Boeing’s defence business continues to battle profitability challenges, led by the low-volume VC-25B presidential aircraft programme.
Chief executive of the aerospace giant David Calhoun on 25 October said fixed-price defence contracts, such as that to produce the VC-25B replacement for the US Air Force’s (USAF’s) current Air Force One jets, will weigh on the company’s profitability until at least 2025.
“We still have more work to increase operating performance,” Calhoun said of the Boeing Defense, Space & Security (BDS) division during a quarterly earnings call with investors.
The segment posted a $924 million loss in the three months from July to September, driving Boeing to an overall loss of $1.6 billion for the quarter. The company’s commercial aircraft business lost $678 million.
Lacklustre performance at BDS was driven by the VC-25B programme, which on its own accounted for $482 million of the segment’s negative cash flow. That primarily resulted from higher-than-estimated costs related to engineering changes and “resolution of supplier negotiations”, according to Boeing.
While giving BDS a price edge over competitors, the approach left the company vulnerable to unforeseen delays and cost increases. Unless fixed-price contracts include economic-adjustment clauses, they generally prevent pricing adjustments and define delivery schedules. If fixed-price vendors fail to meet obligations, the US Department of Defense can levy fines.
“In a fixed-price environment, any hurdles can produce insurmountable costs,” Calhoun notes.
BDS also absorbed losses in the latest quarter from its MQ-25 carrier-capable autonomous tanker programme and a satellite-development effort.
Despite headwinds, Calhoun says BDS has plenty of business, holding a backlog worth $58 billion that includes substantial overseas orders. Many of those overseas orders are for legacy aircraft like AH-64 Apache attack and CH-47 Chinook heavy-lift helicopters. “The demand is there to support our recovery,” Calhoun says.

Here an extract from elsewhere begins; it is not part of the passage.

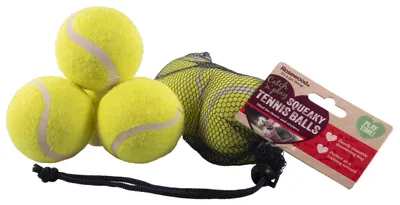 Produktbild von Rosewood Quietschende Tennisbälle für Hunde, 3 Stück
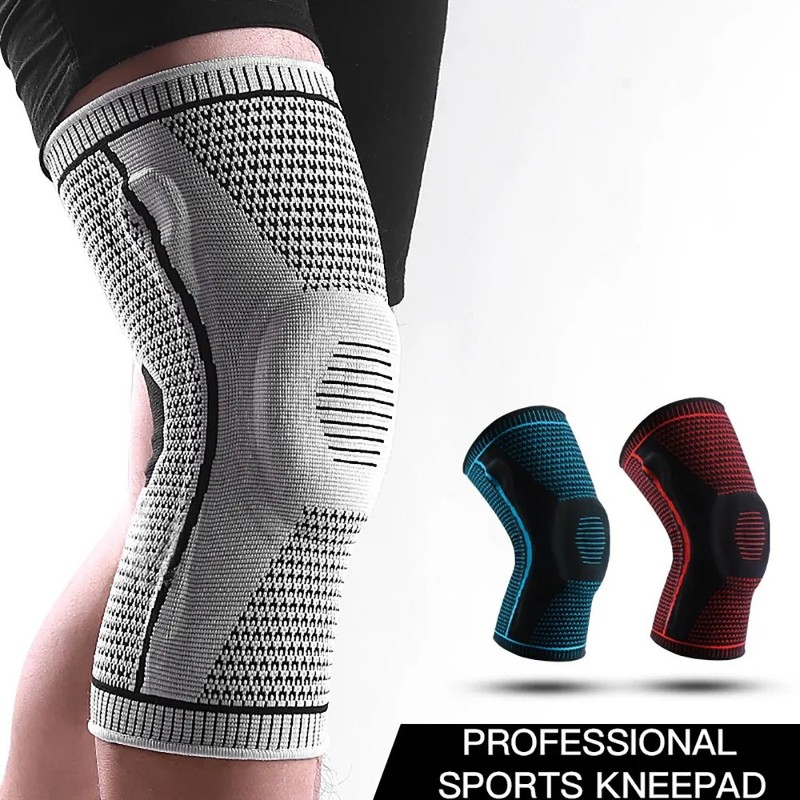 Silicone Knee Pads Strap Patella Medial Support Meniscus Compression Knee Braces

Executives acknowledge progress has not met predictions. “We aren’t as far along in this recovery as we expected to be at this stage,” chief financial officer Brian West said on 25 October.

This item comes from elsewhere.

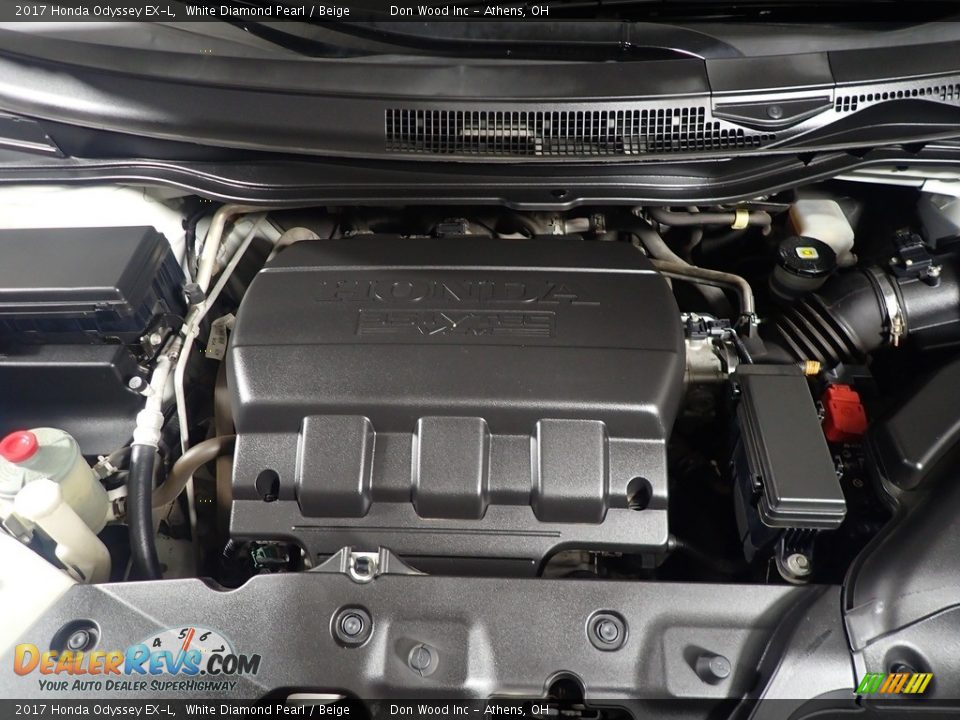 2017 Honda Odyssey EX-L White Diamond Pearl / Beige Photo #7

He reiterates Boeing’s goal of returning BDS to profit margins in the “high single digits”, though executives now doubt the company will hit that mark until 2025 or 2026.
But they remain optimistic about revenue potential from several aircraft programmes, including the KC-46 tanker and T-7A jet trainer.
Both programmes have endured substantial delays and cost overruns, along with associated penalty fees in the billions of dollars over several years.
However, with Boeing delivering the first T-7A in September and the USAF poised to acquire up to 75 additional KC-46s, West insists those programmes will become profit engines, saying, “We remain very confident in T-7A and MQ-25 investments”.
West also notes Boeing is eschewing fixed-price deals as it negotiates production contracts for new systems moving toward production. This, he says, will correct profit issues, and original fixed-price development agreements will be phased out.
“We haven’t signed any fixed-price contracts, nor do we intend to,” West says.